Exercise data >>
- - - - - - -

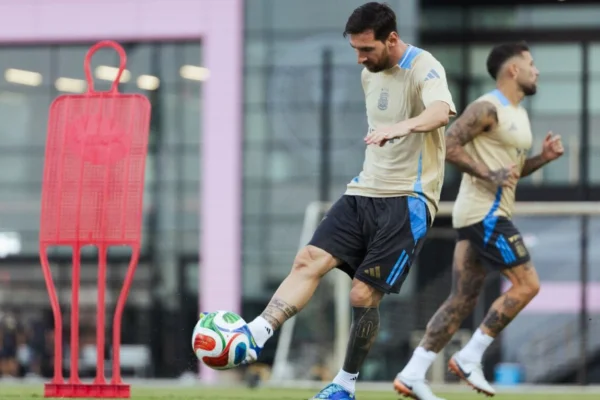 Lionel Messi volvió entrenar con la Selección argentina y crece la expectativa de que juegue ante Puerto Rico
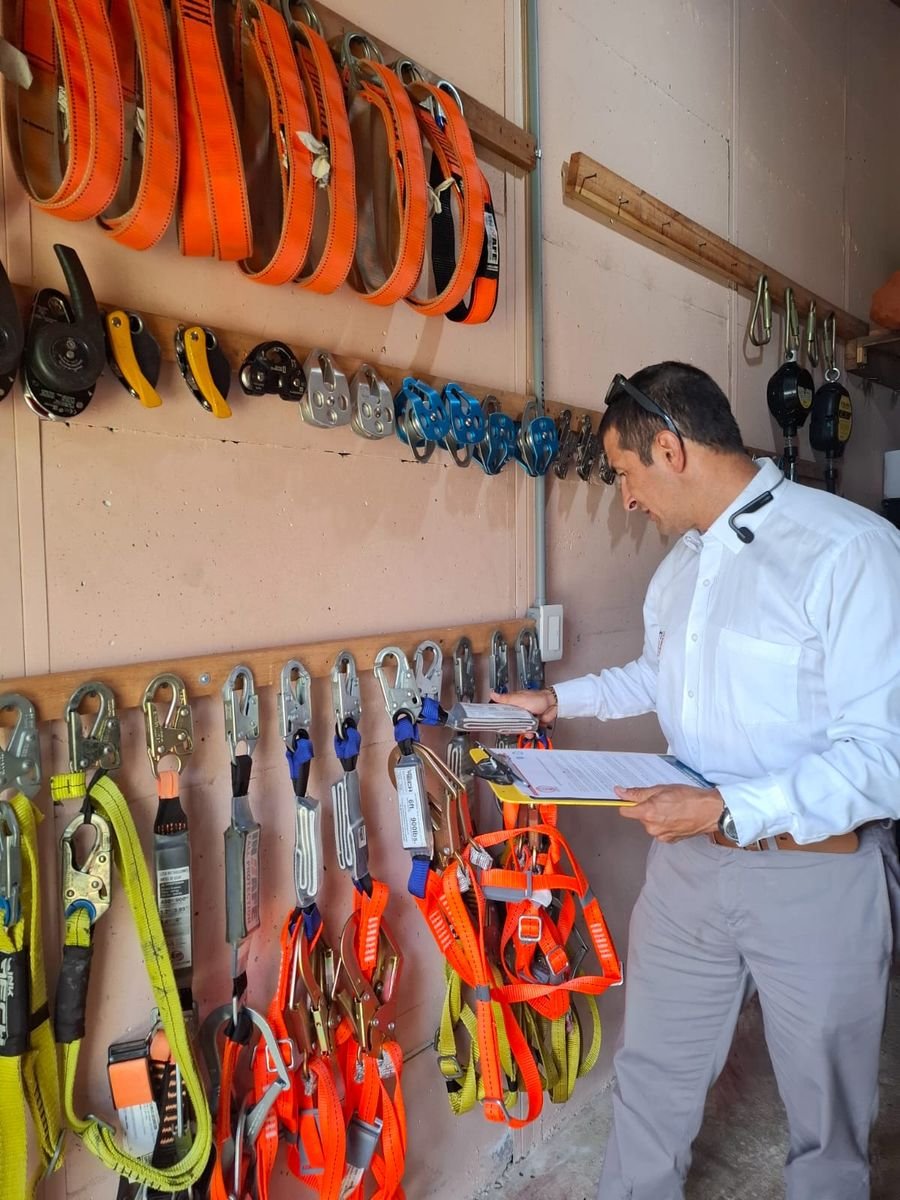 Pared de equipos: arneses, eslingas, poleas y bloqueadores para trabajo en altura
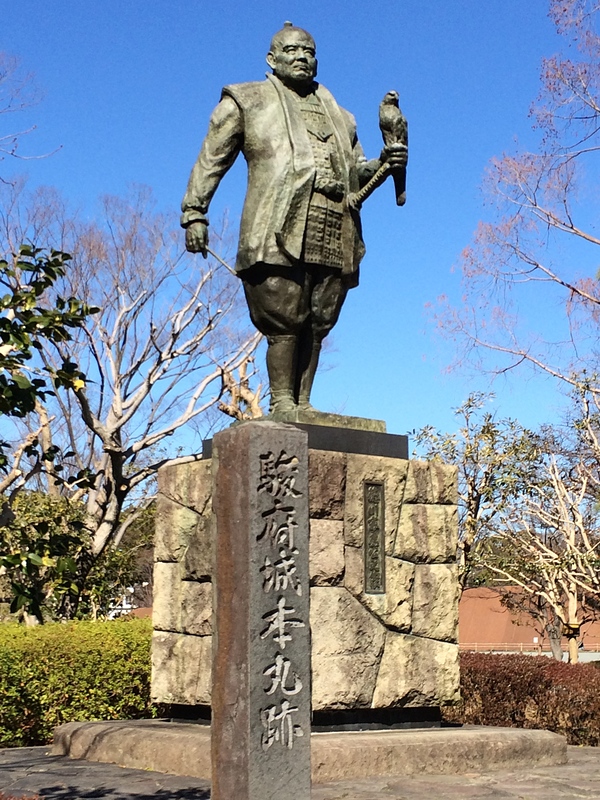 駿府城跡公園内にある徳川家康公銅像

- - - - - - -

Required action >>
The answer is the run of lines from the one with "Pared de equipos: arneses, eslingas, poleas" through the final line of the data, copied exactly, and nothing else; no pictures.

Solution for this task >>
 Pared de equipos: arneses, eslingas, poleas y bloqueadores para trabajo en altura
 駿府城跡公園内にある徳川家康公銅像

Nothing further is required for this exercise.